TSMC makes semiconductor wafers for many of the industry’s leading chip vendors as well as OEMs that provide their own design specifications. While sales of some mobile equipment OEMs have soared, many others are struggling with tepid demand, including Nokia and HTC. Even Apple Inc. has reportedly cut component orders for its newly-introduced iPhone 5c due to “tepid” demand for the product, according to a Wall Street Journal report. (See: Apple’s Dual iPhone Strategy in Doubt).

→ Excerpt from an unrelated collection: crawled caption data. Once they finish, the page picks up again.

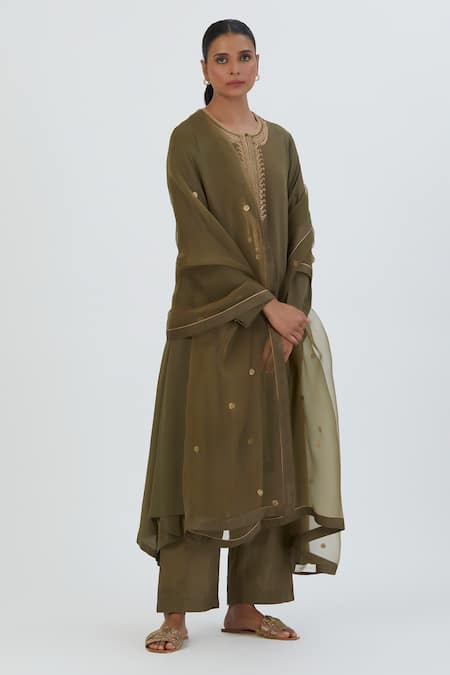 Buy_Lajjoo C_Green Crepe, Silk Zari Round Sahej Zardozi Embroidered Yoke Kurta And Pant Set _Online_at_Aza_Fashions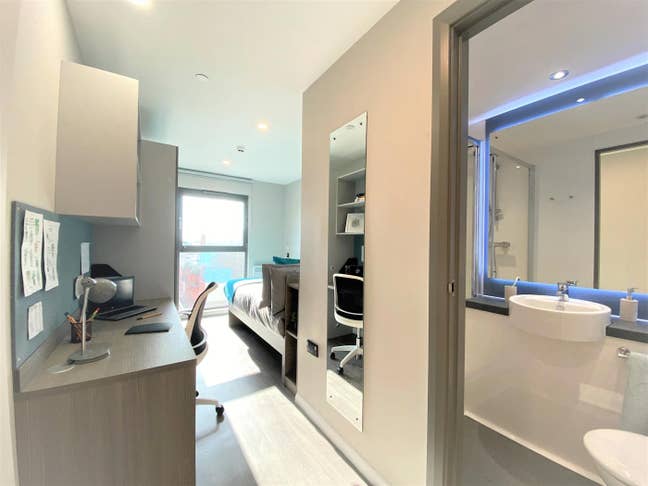 Ensuite Room at Student Roost Little Patrick Stree Main Photo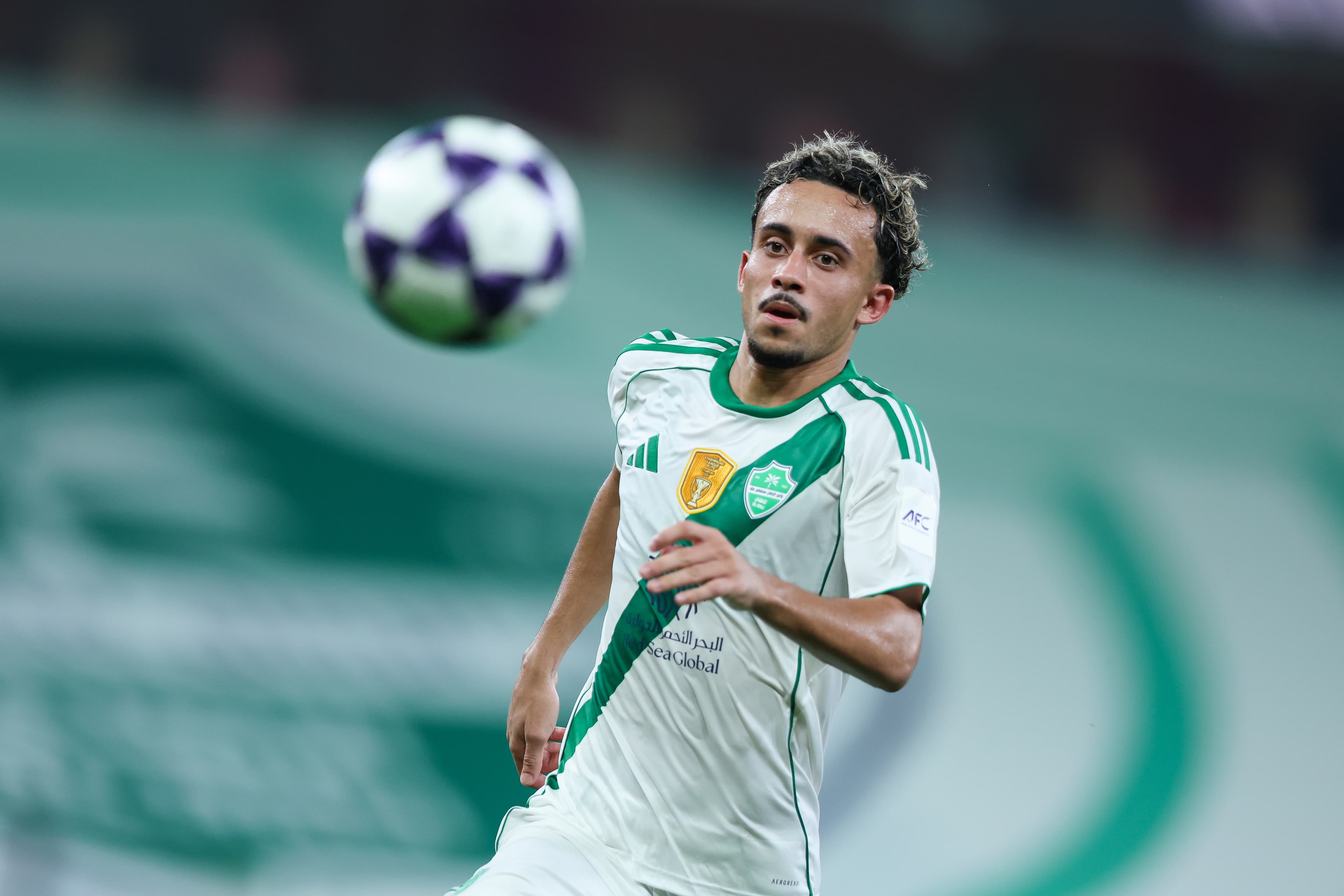 Matheus Gonçalves em campo pelo Al Ahli Saudi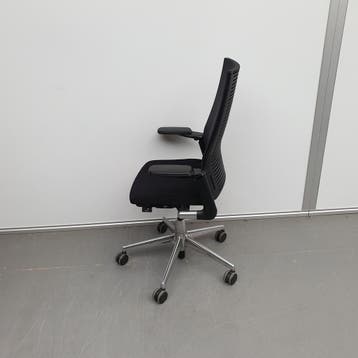 Ahrend 2020 bureaustoel - nieuwe stof zwart / netweave zwart, Ophalen of Verzenden, Nieuw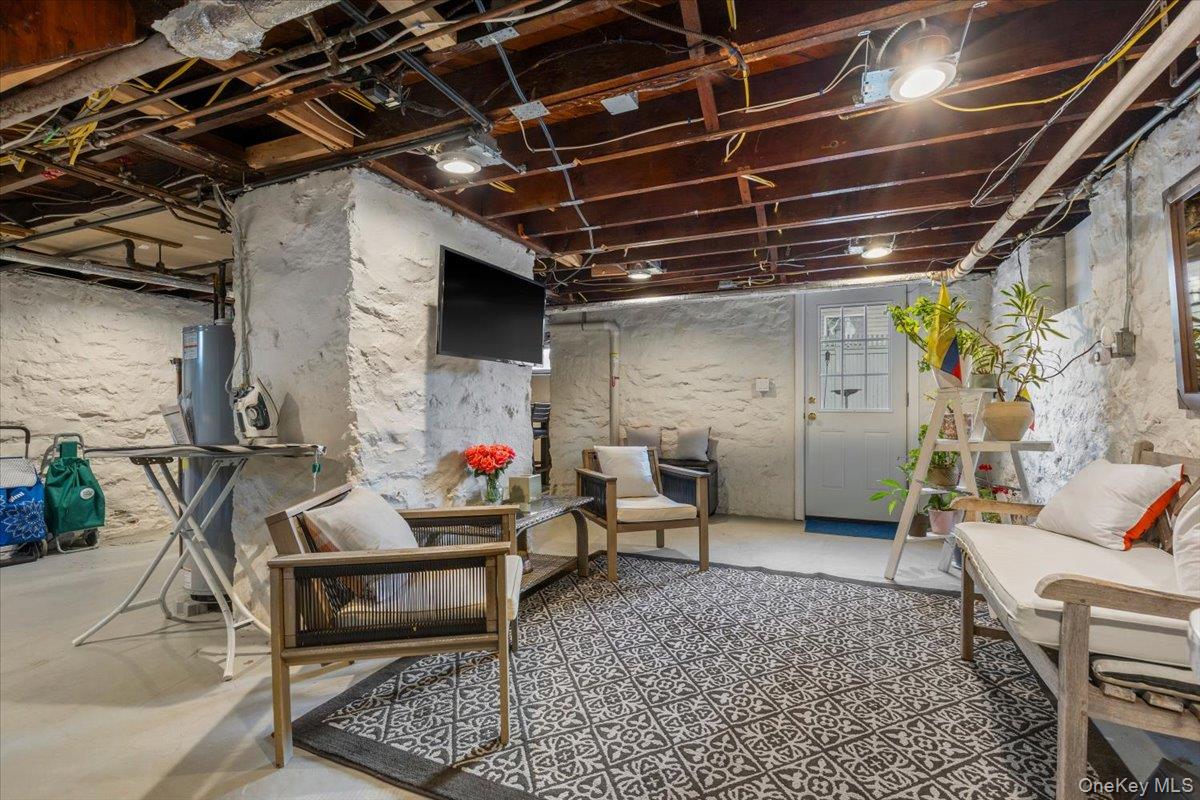 #16 photo, 8 Glen Avenue, Port Chester , NY 10573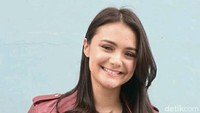 Senyum manis Amanda Rawles. Foto: Ismail/detikHOT
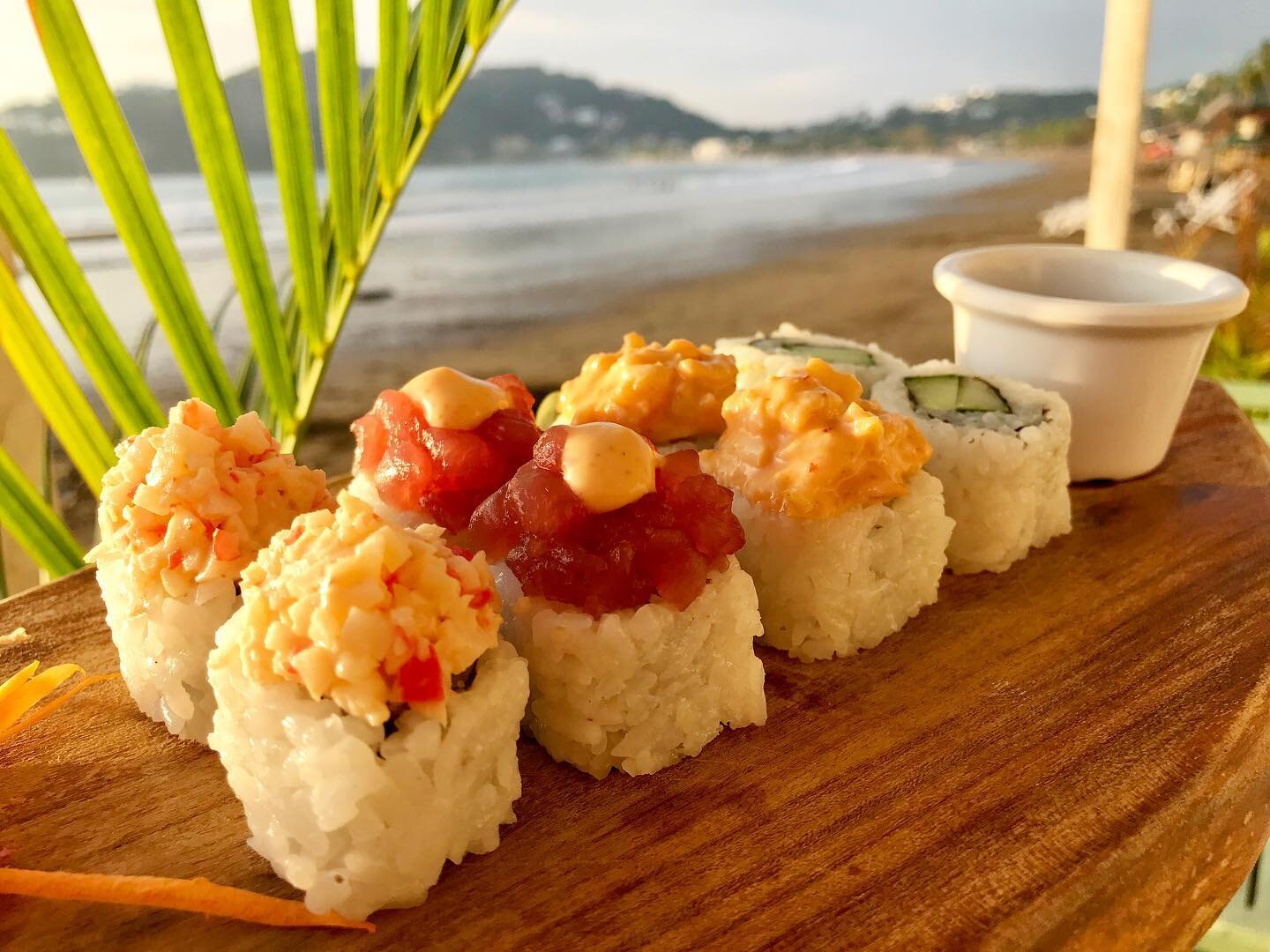 This Friday&rsquo;s Sushi special : Volcano platter for one 🥢🍣 two  spicy lobster, two fresh tuna, two crab &amp; two cucumber pieces 🦞🐟🦀 also enjoy 1$ sake, wine, sangria &amp; many more delicious fresh cocktails 🍹 🌴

While TSMC did not specifically mention smartphones in its statement, it is generally assumed that this is one of two families of “mobile devices”– the second being tablet PCs – that has enough large volume to negatively impact orders if customers reduce component demand at the foundry. TSMC said it expects sales in the fourth quarter would be between NT$144 billion ($4.9 billion) and NT$147 billion, with gross profit margin in the range of 44 percent to 46 percent, down from the 48.5 percent it recorded in the September quarter. The company also expects operating margin to slip several percentage points to between 32 percent and 34 percent, compared with 36.7 percent in the just-ended quarter.
In the third quarter, TSMC reported net income rose 5.2 percent, to NT$51.95 billion from NT$49.38 billion, while sales increased almost 15 percent, to NT$162.6 billion from NT$141.5 billion, in the comparable quarter of 2012. (See: TSMC Q3 Sales Rise 15%, Profit up 5%).